For many institutional players, one of the biggest barriers to entering the digital asset market has been operational risk — from hacks and internal fraud to lost keys and unclear accountability. A decade-long hack-free record, as emphasized by Zhang, gives BitGo a narrative advantage at a time when risk committees and regulators are scrutinizing every detail of crypto operations. That history, combined with its push toward banking-style oversight, makes the custodian an attractive partner for traditional finance firms experimenting with tokenization and blockchain-based products.
The IPO also arrives at a critical moment for the broader crypto sector. After cycles of exuberance and drawdowns, investors have become more selective, favoring companies with recurring revenue, regulatory clarity, and established clients over purely speculative plays. BitGo’s listing is therefore seen by many analysts as a bellwether: if infrastructure players can successfully tap public markets and sustain valuations, it could pave the way for more crypto-native enterprises to follow.

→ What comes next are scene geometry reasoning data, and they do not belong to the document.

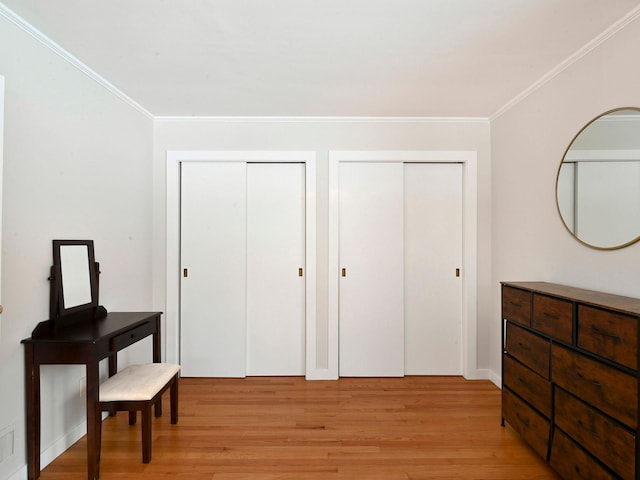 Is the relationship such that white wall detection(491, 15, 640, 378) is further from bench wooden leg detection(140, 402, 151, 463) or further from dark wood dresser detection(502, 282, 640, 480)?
bench wooden leg detection(140, 402, 151, 463)

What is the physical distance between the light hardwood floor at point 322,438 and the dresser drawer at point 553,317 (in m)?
0.81

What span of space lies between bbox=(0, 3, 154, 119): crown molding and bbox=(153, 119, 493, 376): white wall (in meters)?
0.49

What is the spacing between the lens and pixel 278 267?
3445 mm

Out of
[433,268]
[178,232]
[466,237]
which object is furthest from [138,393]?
[466,237]

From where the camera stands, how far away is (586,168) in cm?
217

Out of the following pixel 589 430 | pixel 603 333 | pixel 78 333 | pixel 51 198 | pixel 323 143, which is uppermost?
pixel 323 143

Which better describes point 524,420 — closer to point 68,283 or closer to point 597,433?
point 597,433

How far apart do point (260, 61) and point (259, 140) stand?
3.54ft

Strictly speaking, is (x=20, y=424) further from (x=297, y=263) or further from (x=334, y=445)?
(x=297, y=263)

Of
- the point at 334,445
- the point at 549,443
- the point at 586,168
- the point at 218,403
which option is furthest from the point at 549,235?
the point at 218,403

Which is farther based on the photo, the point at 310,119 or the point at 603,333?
the point at 310,119

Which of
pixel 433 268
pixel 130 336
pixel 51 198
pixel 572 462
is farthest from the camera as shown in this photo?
pixel 433 268

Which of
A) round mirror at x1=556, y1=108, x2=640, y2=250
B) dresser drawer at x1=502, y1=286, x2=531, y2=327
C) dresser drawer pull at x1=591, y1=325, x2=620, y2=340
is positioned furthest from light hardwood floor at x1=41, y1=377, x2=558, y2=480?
round mirror at x1=556, y1=108, x2=640, y2=250

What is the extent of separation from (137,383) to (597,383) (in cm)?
240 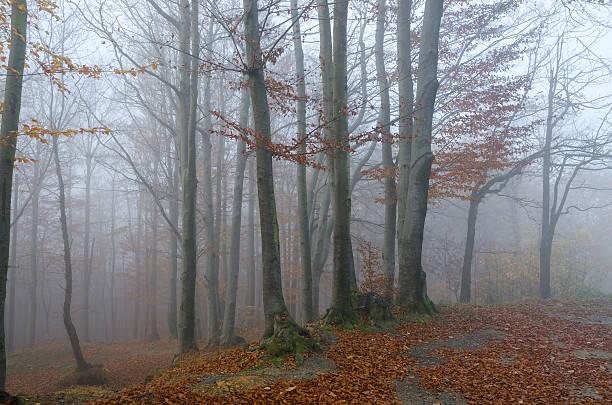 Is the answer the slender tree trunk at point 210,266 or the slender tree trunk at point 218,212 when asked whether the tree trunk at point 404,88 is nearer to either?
the slender tree trunk at point 210,266

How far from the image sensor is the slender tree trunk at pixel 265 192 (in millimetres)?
5180

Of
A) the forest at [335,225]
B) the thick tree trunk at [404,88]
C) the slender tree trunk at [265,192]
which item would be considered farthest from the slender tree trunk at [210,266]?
the thick tree trunk at [404,88]

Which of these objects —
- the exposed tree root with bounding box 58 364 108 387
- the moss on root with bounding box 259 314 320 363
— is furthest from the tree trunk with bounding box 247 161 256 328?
the moss on root with bounding box 259 314 320 363

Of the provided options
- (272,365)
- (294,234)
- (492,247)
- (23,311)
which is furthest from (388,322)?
(23,311)

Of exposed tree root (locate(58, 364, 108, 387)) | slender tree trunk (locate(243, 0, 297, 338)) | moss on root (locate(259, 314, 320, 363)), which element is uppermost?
slender tree trunk (locate(243, 0, 297, 338))

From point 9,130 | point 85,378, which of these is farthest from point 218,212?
point 9,130

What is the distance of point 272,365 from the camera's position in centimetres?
454

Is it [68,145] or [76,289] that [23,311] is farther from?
[68,145]

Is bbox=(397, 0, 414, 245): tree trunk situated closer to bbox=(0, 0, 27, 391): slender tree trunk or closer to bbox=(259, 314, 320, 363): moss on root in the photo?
bbox=(259, 314, 320, 363): moss on root

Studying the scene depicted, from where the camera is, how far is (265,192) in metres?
5.30

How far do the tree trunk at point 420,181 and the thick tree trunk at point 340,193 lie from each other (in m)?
1.76

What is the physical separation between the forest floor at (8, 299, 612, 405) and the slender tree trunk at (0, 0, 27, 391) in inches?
79.4

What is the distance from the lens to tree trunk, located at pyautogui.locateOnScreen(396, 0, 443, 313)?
765cm

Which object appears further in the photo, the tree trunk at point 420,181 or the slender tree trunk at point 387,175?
the slender tree trunk at point 387,175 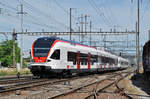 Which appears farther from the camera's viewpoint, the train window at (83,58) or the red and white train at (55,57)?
the train window at (83,58)

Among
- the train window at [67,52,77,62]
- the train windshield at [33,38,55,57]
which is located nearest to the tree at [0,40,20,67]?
the train window at [67,52,77,62]

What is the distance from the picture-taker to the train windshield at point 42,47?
18828mm

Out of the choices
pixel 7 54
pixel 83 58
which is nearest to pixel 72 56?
pixel 83 58

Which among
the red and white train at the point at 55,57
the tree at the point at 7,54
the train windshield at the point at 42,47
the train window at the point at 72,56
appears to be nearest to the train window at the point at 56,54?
the red and white train at the point at 55,57

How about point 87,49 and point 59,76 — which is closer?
point 59,76

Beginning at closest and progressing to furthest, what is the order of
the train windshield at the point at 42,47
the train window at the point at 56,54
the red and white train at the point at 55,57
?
the red and white train at the point at 55,57, the train windshield at the point at 42,47, the train window at the point at 56,54

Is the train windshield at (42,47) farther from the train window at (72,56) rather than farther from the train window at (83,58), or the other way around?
the train window at (83,58)

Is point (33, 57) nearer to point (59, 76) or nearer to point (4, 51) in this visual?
point (59, 76)

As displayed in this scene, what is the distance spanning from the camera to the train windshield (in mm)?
18828

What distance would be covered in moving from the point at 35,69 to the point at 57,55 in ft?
6.77

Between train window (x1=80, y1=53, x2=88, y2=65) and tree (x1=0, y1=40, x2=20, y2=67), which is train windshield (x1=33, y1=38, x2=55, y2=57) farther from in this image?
tree (x1=0, y1=40, x2=20, y2=67)

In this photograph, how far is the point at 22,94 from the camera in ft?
36.8

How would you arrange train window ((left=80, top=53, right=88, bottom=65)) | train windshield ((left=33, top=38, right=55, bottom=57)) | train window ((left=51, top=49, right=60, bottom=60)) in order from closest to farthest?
train windshield ((left=33, top=38, right=55, bottom=57))
train window ((left=51, top=49, right=60, bottom=60))
train window ((left=80, top=53, right=88, bottom=65))

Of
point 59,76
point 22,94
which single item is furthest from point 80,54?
point 22,94
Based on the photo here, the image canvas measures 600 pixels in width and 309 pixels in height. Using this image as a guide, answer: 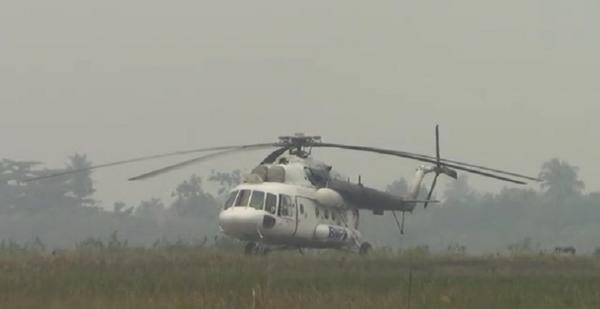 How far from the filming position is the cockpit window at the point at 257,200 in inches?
1131

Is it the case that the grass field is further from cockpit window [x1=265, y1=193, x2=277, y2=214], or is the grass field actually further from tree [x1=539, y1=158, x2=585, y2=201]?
tree [x1=539, y1=158, x2=585, y2=201]

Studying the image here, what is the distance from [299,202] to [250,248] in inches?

However, the choppy first-day trading in BTGO also reflects ongoing uncertainty. Regulatory policies remain in flux across major jurisdictions, macroeconomic conditions continue to pressure risk assets, and competition in custody — from banks launching their own services to new blockchain-native challengers — is intensifying. BitGo will need to prove that its scale, regulatory progress, and technology stack can translate into durable earnings growth in a more mature, slower-growing industry environment.
From an industry-structure perspective, the combination of traditional financial investors, crypto veterans, and family offices like YZi Labs backing custodial infrastructure points to a consolidation of power around key chokepoints. Entities that control secure access, transaction flows, and compliance rails could end up occupying roles similar to clearing houses and central securities depositories in traditional markets. For startups and DeFi protocols, this may mean that integration with firms like BitGo becomes a prerequisite for accessing institutional liquidity.
There is also a geopolitical dimension to YZi Labs’ backing of a U.S.-regulated custodian. With regulatory regimes diverging across regions, global crypto players are increasingly forced to choose where to anchor their most sensitive operations. Supporting an American-regulated infrastructure provider allows YZi Labs to hedge against jurisdictional risk while still maintaining exposure to global growth. It also signals that even investors with roots in less-regulated environments view U.S. compliance frameworks as strategically important.
Looking ahead, BitGo’s performance as a public company will likely be judged on several fronts: its ability to grow assets under custody, expand its product suite, deepen relationships with large financial institutions, and successfully transition into a full trust bank. If it can deliver on those fronts, the company may help define what a mature, regulated crypto infrastructure provider looks like in practice — and validate the thesis that attracted YZi Labs and other heavyweight backers.
For investors observing the sector, the BitGo–YZi Labs partnership serves as a case study in how the digital asset narrative has shifted. The story is no longer only about tokens and price charts; it is increasingly about the pipes, vaults, and compliance engines that make large-scale adoption possible. In that context, YZi Labs’ strategic investment can be seen less as a short-term bet on a single IPO and more as a long-horizon wager on the architecture of tomorrow’s financial system.